TASK TO CARRY OUT: Could you repeat the entries below exactly, but only from the line with "Lavapiedi Colore Bianco" through the line with "Prosport Premium Peak/Warn", and without any picture?

SOURCE DATA:
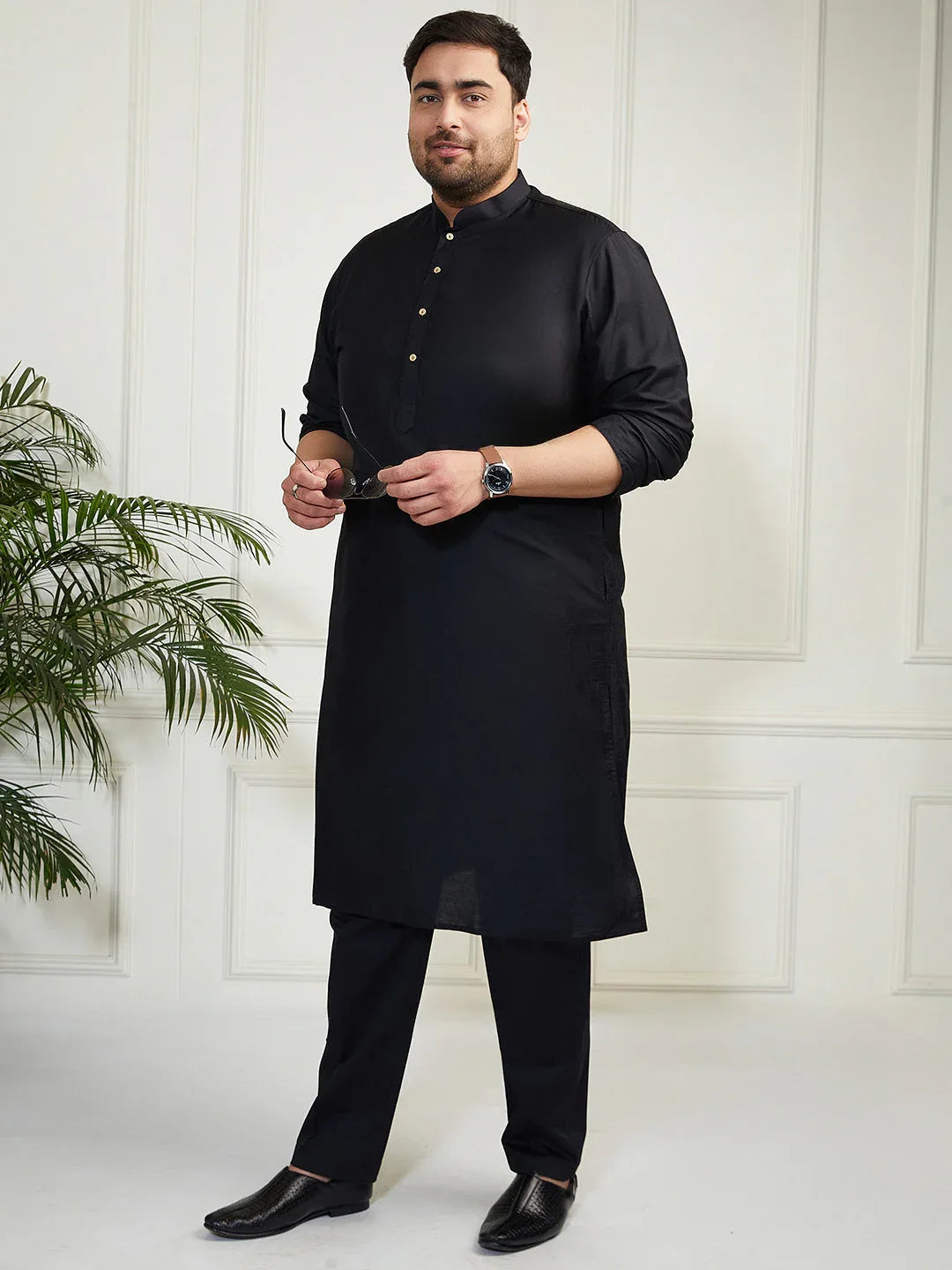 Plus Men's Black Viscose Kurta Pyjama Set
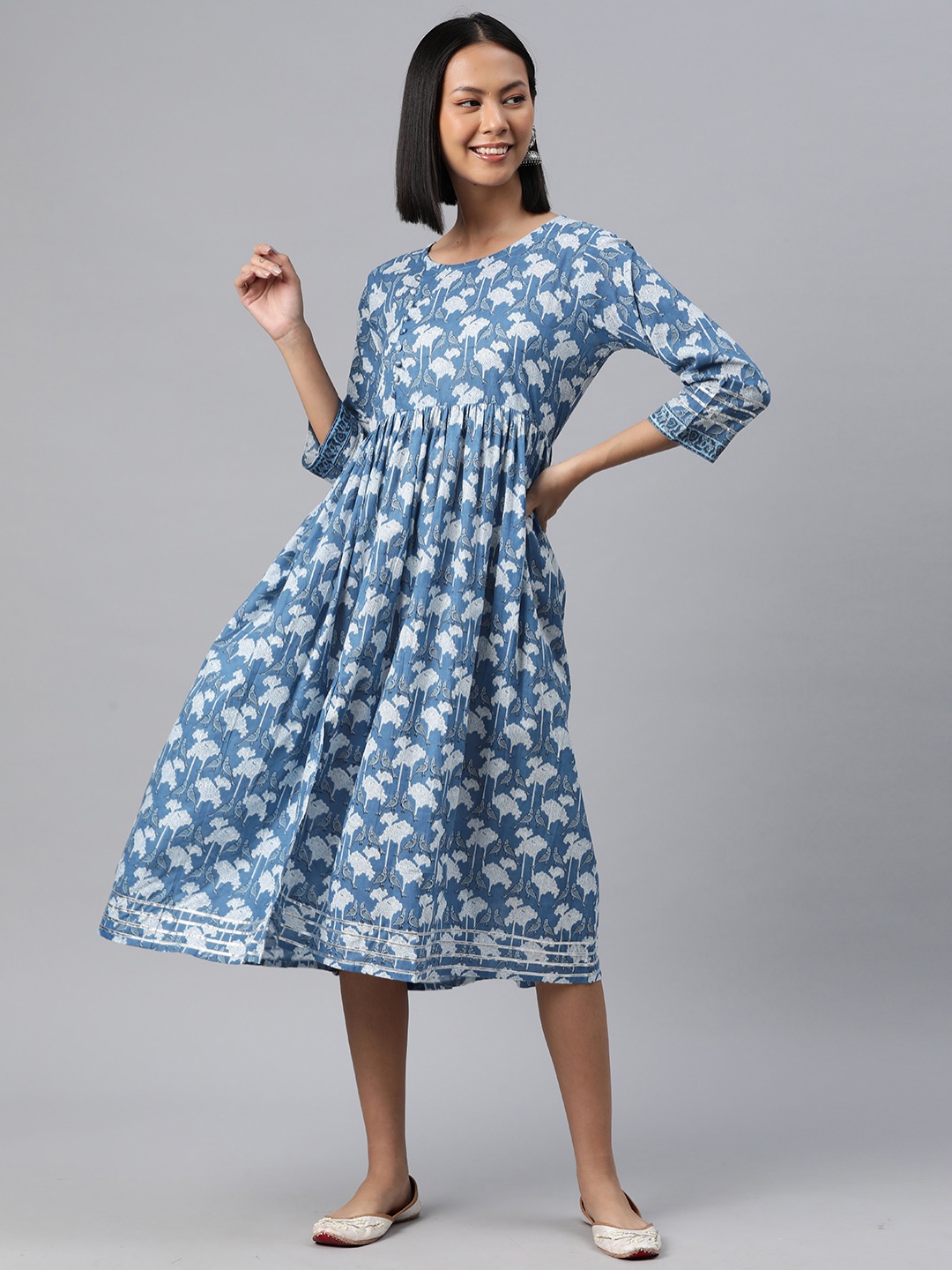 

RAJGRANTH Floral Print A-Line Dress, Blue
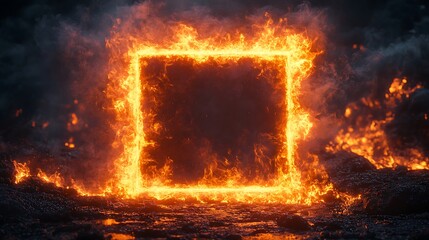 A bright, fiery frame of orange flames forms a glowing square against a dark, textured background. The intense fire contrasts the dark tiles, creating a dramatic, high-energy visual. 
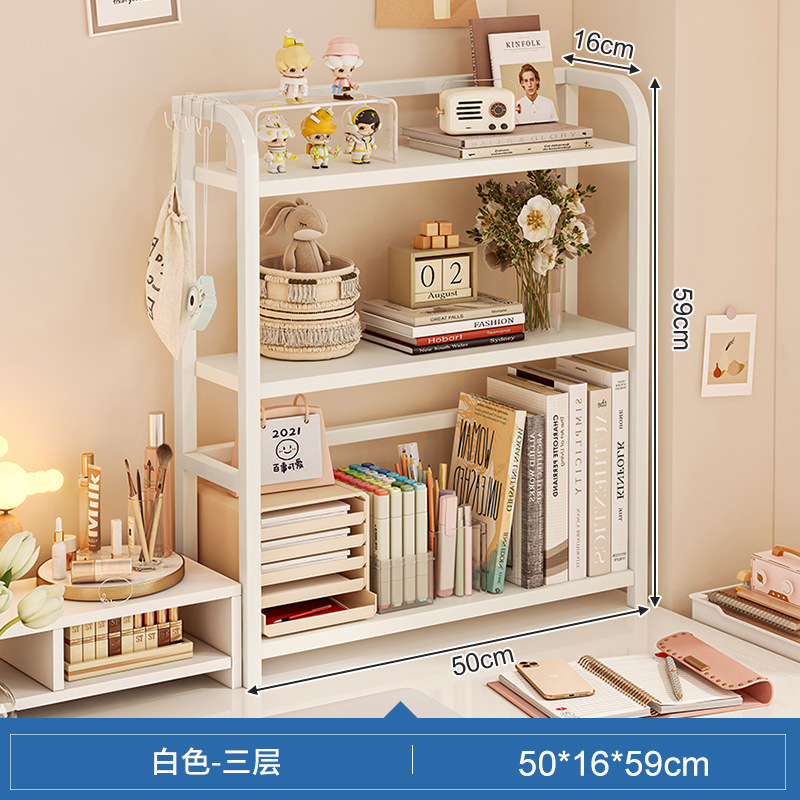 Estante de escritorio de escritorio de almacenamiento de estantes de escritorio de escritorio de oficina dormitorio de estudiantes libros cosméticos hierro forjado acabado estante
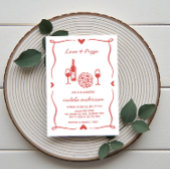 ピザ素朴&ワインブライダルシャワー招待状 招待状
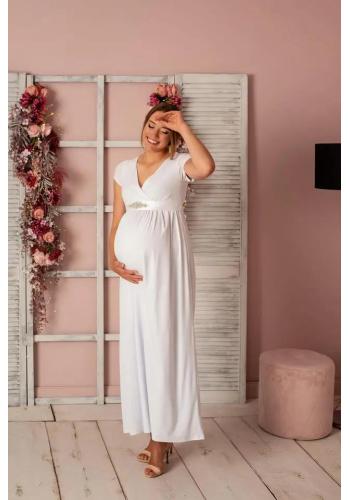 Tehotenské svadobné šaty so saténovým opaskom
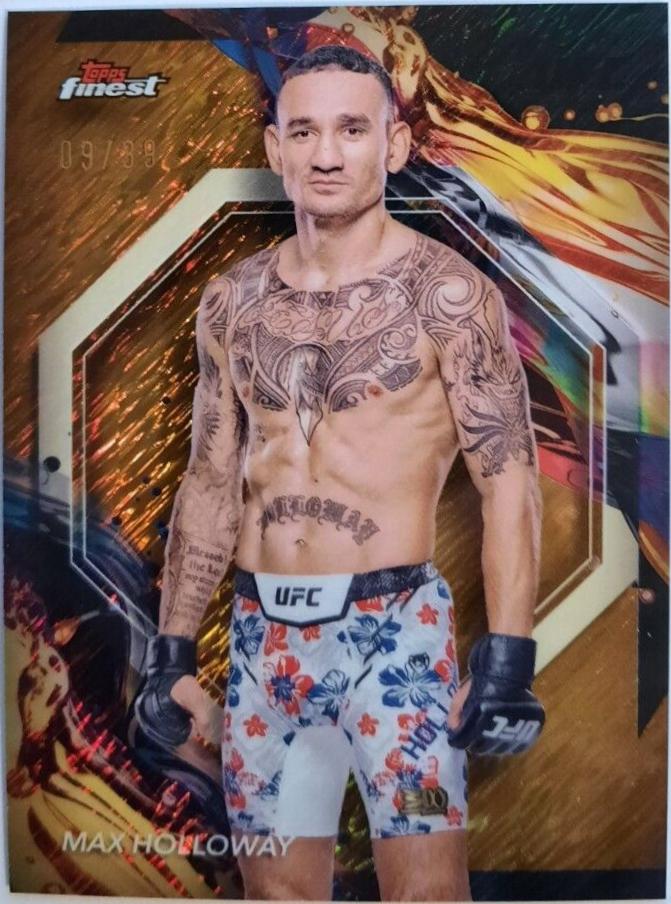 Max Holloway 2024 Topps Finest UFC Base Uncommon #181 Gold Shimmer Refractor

==

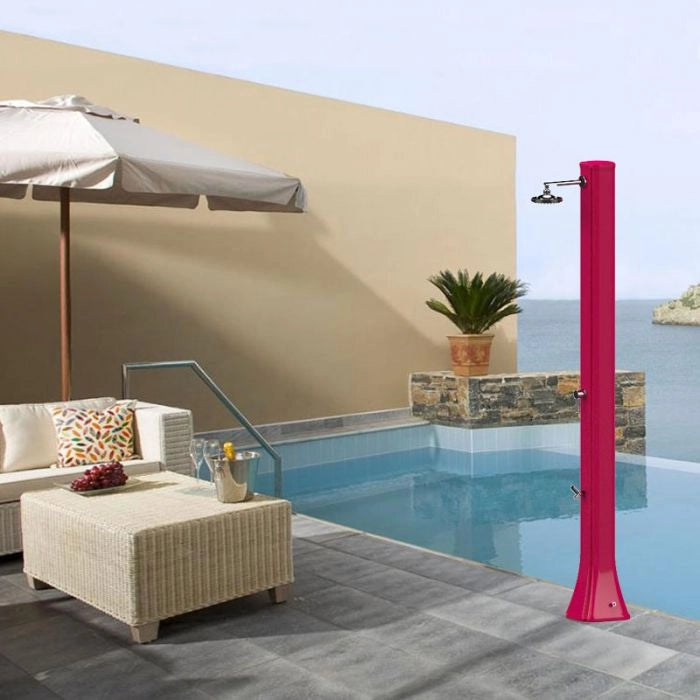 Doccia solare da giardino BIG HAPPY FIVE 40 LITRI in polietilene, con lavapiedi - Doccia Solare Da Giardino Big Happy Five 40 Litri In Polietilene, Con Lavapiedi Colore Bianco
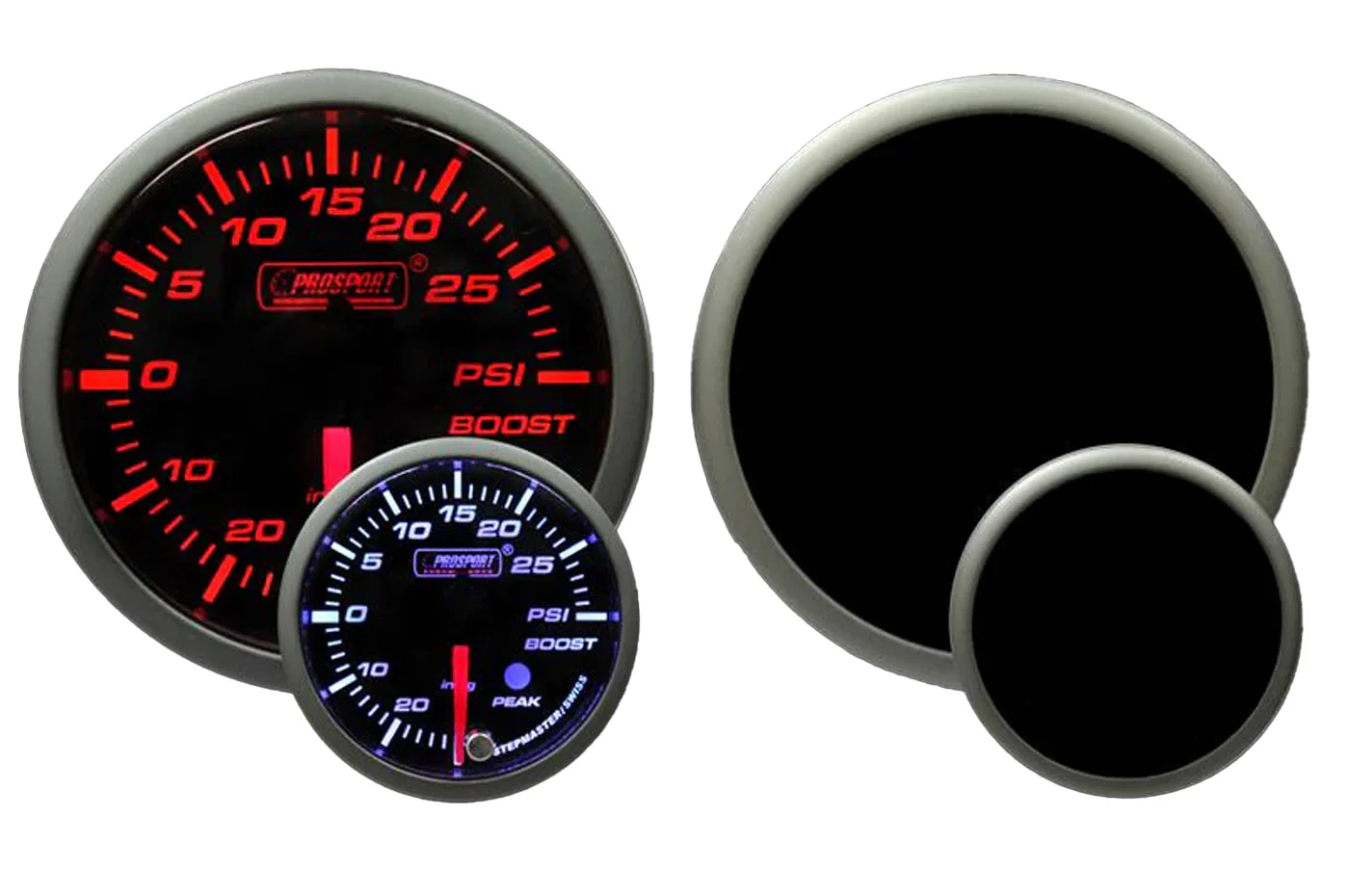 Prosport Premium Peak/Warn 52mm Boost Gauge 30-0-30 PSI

WRITTEN SOLUTION:
 Doccia solare da giardino BIG HAPPY FIVE 40 LITRI in polietilene, con lavapiedi - Doccia Solare Da Giardino Big Happy Five 40 Litri In Polietilene, Con Lavapiedi Colore Bianco
 Prosport Premium Peak/Warn 52mm Boost Gauge 30-0-30 PSI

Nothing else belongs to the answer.